Keywords: RTP, Real-time Transport Protocol, RFC 3550, RTCP, RTP header, sequence number, timestamp, SSRC, CSRC, payload type, jitter, packet loss, MOS, Mean Opinion Score, codec, SIP, SDP, RTP/AVP, RTP/AVPF, SRTP, DTLS-SRTP, encryption, mixer, translator, Sender Report, Receiver Report, VoIPmonitor, voice quality, video streaming, WebRTC, G.711, Opus, H.264

Key Questions:

What is the RTP packet structure and header format?
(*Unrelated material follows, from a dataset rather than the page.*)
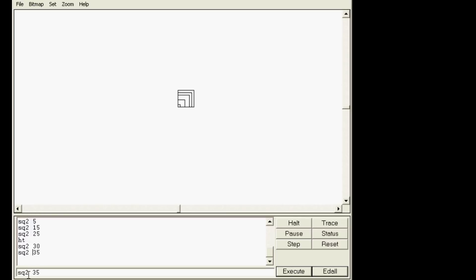Make sure you have at least 10 sq2s. I'm gonna do a left 90, sq2 35. Build me something that looks sweet on your screen using our sq2 and then call me back.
How does RTP sequence numbering work for packet loss detection?
What is the difference between static and dynamic payload types?
How does RTCP provide quality feedback for RTP streams?
What metrics are in an RTCP Receiver Report (fraction lost, jitter, DLSR)?
How do SIP and SDP negotiate RTP media sessions?
What is the difference between an RTP mixer and translator?
How does SRTP encrypt RTP media streams?
What is DTLS-SRTP and why is it mandatory in WebRTC?
How does VoIPmonitor calculate MOS from RTP stream analysis?
What causes one-way audio in RTP calls?
How to troubleshoot RTP packet loss and jitter issues?